AC, I just had my six-month review for a new job, and my boss gave me ZIPPO ZILCH NADA feedback. We looked over the list of goals I set when I started the job, and he said, "this looks okay," and that was it. It was a huge bummer, especially because I've been working hard and (I think) accomplishing alot, and I would have really liked to have heard some positive words from him.

So, what you did as a manager was incredibly important, and probably meant more than you can know to your employees. Way to go, sister!

Trish Milburn said...

I love the whole Pay if Forward concept. I truly believe in putting goodness out into the universe, and it'll come back when you need it most. I try to help newer writers all I can, sometimes reading their first few pages and commenting, giving various kinds of tips, etc. In the non-writing world, I do things like get items off top shelves at the grocery or Wal-Mart for shorter people or those who are injured or in wheelchairs. And I try to let people with fewer items in their carts go in front of me in the checkout line. And when I'm in traffic and see someone trying to pull out from a business and I can safely do so, I let them out in front of me. And just being friendly and nice to people who end up spending a lot of their day dealing with grumpy people (i.e. anyone who works in customer service) is all it takes to help someone have a better day -- like the guy at the Social Security office where I took my mom the other day. You know those poor employees catch crap all the time.

Suzanne Welsh said...

Caren, we must be kindred souls! Corn dogs and wiping up public bathroom counters. Although for me it's a tad bit self-serving. I always walk away with a wet spot when the counter is soaked.

As for paying it forward, promoting friends' books on blogs, in book stores, on romance bulletin boards and chat sites, outside the National Literacy signing event for RWA. I figure it will be good practice for WHEN I sell.

Great friends have walked me through the writing and submitting process. I hope to repay them by keeping the adage "Be kind to those on your way up, because you'll meet them again on the way down," that my friend Jane Graves, HOT WHEELS AND HIGH HEELS , often quotes to new writers. And another piece of advice she's given that I try to adhere to: "never say anything on the internet about anyone in the publishing business you don't want to get out, because it most certainly will."

Christine Wells said...

Inara, if you promise to do the flight with me, I'll definitely bring my boys to San Fran! But realistically, no, I think they'd be happier at home with gran. Maybe in a couple of years...

Anonymous said...

Trish, we've never met in person, but I have no doubt you're one of those people who is constantly going out of her way to help people. You are one of the truly nice people in the world and deserve all the good things that life brings you.

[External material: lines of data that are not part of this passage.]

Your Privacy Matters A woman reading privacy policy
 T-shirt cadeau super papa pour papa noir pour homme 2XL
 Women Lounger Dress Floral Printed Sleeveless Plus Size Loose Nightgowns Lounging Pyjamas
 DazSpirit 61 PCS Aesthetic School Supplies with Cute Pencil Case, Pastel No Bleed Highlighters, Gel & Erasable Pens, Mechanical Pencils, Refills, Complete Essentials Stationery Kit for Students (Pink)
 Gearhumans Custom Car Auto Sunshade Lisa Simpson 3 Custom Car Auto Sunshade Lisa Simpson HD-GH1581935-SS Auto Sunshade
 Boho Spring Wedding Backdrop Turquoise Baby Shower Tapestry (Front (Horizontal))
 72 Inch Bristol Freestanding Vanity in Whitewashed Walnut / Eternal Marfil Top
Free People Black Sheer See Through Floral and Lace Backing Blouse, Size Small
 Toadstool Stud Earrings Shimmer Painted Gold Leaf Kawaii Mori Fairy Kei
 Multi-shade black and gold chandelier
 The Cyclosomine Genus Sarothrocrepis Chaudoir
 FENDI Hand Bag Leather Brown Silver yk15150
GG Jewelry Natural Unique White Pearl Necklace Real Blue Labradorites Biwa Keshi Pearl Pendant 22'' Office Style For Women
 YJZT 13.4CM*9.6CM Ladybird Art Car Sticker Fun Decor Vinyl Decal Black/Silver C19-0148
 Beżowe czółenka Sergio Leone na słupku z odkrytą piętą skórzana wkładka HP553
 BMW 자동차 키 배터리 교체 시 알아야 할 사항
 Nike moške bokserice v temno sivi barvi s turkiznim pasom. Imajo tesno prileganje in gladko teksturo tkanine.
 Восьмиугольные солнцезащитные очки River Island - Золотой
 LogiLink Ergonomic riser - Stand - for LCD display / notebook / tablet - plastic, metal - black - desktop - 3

Suz, if you sell as many of your own books as you sold of your fellow banditas, you'll be #1 on the NYTimes Bestseller list! And good warning about the internet. I'm always stunned at the things people will say in cyberspace, and then become shocked to find turn around and bite them in the *&^^.

Joan said...


Where were you today at work with the bedpans????


It's great to see the reaction in people when you compliment them. I've said to young employees at the McDonald's that they did a good job, or had a bright smile that made my day. The delight and surprise just makes you feel good inside.

As to PIF in writing. I've been VERY fortunate to have not only good advice but sage wisdome and guidance. It takes a LOT for a busy pubbed author to do this and that makes me appreciate it even more.

Anna Campbell said...

I love pay it forward! And I try and practise it when I can (love the washroom idea, Caren!). I really like the idea of adding to the weight of kindness in the world. Can't hurt! And you never know, may actually help!!!

Anonymous said...

Thanks everyone! :-)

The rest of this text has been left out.